When I first met her, Nancy was showing a five-gaited gelding named Flight Command that she had bought from Don Hayes (now impresario of the Hambletonian). Flight was a little over the hill, which made him quite at home in the company he was then keeping, but he still was able to pull his aching shoulders together to win an occasional class. At those times, however, he was so liberally helped by the liniment bottle that one judge, who tied him first, remarked that he could smell Flight before he saw him. Considering the murky light of county-fair racetrack straightaways, where we usually showed, it was not an unreasonable statement.
Flight was especially fond of Malone's taffy, a white, chewy and practically tasteless confection that was sold on every fairground. The sound of a piece of paper being crumpled outside his stall would bring him pawing and nickering to the door, and more than once he snatched whole bagfuls of taffy from the hands of innocent passers-by. All of Nancy's horses seemed to have a touch of larceny in their makeup; a later one was inordinately fond of cigarettes, even lighted ones, which he would deftly nip from the lips of the unwary. The canvas stall covers or bunting now in use at most shows to protect horse and visitor from each other were not generally available where we were showing.
The gaited horse I was campaigning when I first met Nancy was a bay mare named Lady Lightfoot, called bitterly, after certain classes, "Lady Leadfoot" or "Lady Stumblefoot." Lady was a bit long in the tooth when the Reinharts, her owners, first let me take her into the ring. She was then 10, but she was a great pretender; she won her last blue that I know of when she was 18. Lady was an ideal county-fair horse because she was apparently made of cast iron and could go on, class after class, week after week, not winning many events but almost always finishing in the money, thus supporting both of us in our travels. She hated other horses, as Mrs. Reinhart and I discovered at the Salem, Ill. show. We were stabled in a tent, and as soon as Lady entered her stall she lay back her ears, squealed, reached over the top and bit off the tip of the ear of a strange horse in the adjoining box. We spent the next half hour stealing two-by-fours from nearby empty stalls and building up the walls like a command post. Fortunately, we were usually early arrivals. Since Lady never got over the urge to inflict damage on horses to whom she had not been properly introduced, my first job at any fair was a lumber raid.

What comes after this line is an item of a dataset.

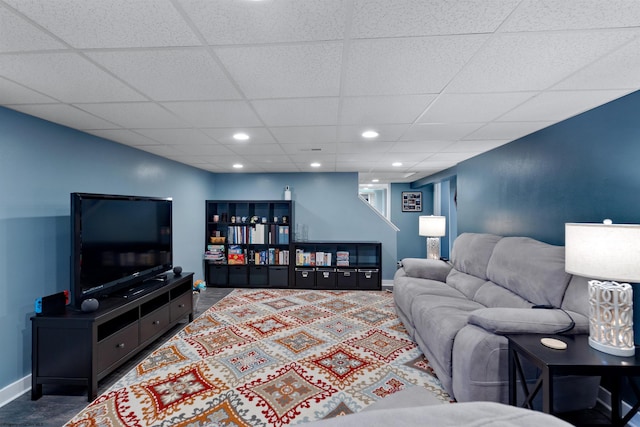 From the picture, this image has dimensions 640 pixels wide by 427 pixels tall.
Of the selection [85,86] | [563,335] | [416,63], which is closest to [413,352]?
[563,335]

If there was nothing left to snitch, I usually managed to talk some friendly souls showing ponies out of their excess timber. Naturally, the owner of any neighboring horse was usually delighted to help.

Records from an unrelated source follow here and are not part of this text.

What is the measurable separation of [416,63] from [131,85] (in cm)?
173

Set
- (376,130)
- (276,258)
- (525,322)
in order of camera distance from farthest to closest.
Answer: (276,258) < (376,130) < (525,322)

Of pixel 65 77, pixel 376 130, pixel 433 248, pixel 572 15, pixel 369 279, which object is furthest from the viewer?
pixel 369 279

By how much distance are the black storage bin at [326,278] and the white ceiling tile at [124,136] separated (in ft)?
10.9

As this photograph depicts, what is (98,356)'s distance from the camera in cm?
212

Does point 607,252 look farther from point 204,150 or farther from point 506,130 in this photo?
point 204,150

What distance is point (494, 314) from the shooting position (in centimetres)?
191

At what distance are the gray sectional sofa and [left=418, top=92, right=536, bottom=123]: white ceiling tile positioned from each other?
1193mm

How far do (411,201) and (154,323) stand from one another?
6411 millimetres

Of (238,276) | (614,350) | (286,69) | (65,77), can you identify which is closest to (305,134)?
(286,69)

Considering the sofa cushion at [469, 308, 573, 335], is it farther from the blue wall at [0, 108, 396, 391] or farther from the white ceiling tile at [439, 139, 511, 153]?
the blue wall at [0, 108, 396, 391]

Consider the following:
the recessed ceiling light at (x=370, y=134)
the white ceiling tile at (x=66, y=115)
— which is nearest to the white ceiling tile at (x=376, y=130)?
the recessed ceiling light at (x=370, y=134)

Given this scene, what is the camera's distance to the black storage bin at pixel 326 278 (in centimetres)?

Lady's attitude toward strange people was more Olympian than hostile. She would turn her head away and fall into abstraction. Occasionally a stable tourist who thought all horses were as friendly as puppy dogs would grab her halter and try to pet her. Lady's ears would go back and her nostrils would flatten into hard ovals. She never nipped, but it was clear she was toying with the idea.
After my initiation into the joys and uncertainties of horse show travel, I was determined to go again the following year. The Reinharts, involved in war work, turned Lady over to me, and I was all set to realize my dream of being able to ride, feed, groom and sleep with my horse. My parents, unfortunately blessed with good sense, firmly said no. But I was lucky. Along came Grace Rogers, a highly respectable St. Louis lawyer, riding to the rescue on her paint horse named Poncho Flash. Grace had the same idea I had. She agreed to be my chaperone, and soon we were off in the Reinharts' two-horse trailer for Anna.

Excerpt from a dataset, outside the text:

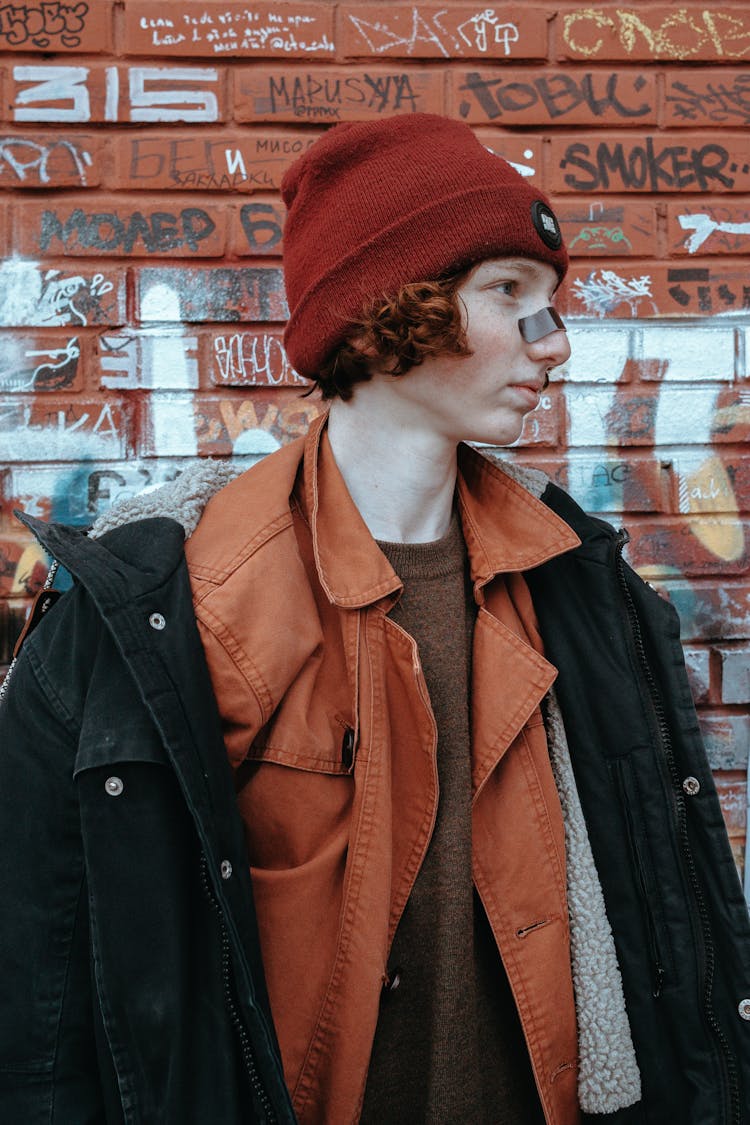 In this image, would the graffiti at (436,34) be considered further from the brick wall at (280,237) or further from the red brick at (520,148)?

Arriving there late, when everyone else had settled in for the night, we shook out straw, hung up hay bags, carried pails of water and finally made ready our own quarters in the trailer. We swept it out with care, broke open some fresh straw and made our beds on either side of the trailer's partition. Then, with a last look at the horses standing in a misty rain, we went to bed. I burrowed in, ready for sleep, but unmistakable animal aromas came drifting up through the straw, and slivers began infiltrating through the blankets. Then the rain started in earnest and soon was leaking through the roof. I kept telling myself how wonderful it all was.
The next morning—gray, cold and wet—was enough to dampen the zest of a campaigner in Napoleon's class. The mud was getting even deeper and the water was running into the stalls and constantly dripping from above. The term leaky roof is no misnomer. We borrowed shovels from some friendly neighbors and started trenching, making gullies to direct the water away from the stalls. At many shows after that I often sat on a bale of hay, watching the thunder-heads form and eying the slope of the land, wondering if I should start digging or if the storm would blow over. There is nothing more useless than a dry ditch. Most of the time I started when the first plump drops were splattering in the dust, and once I was saved the exertion when the tent in which the horses were stabled blew away.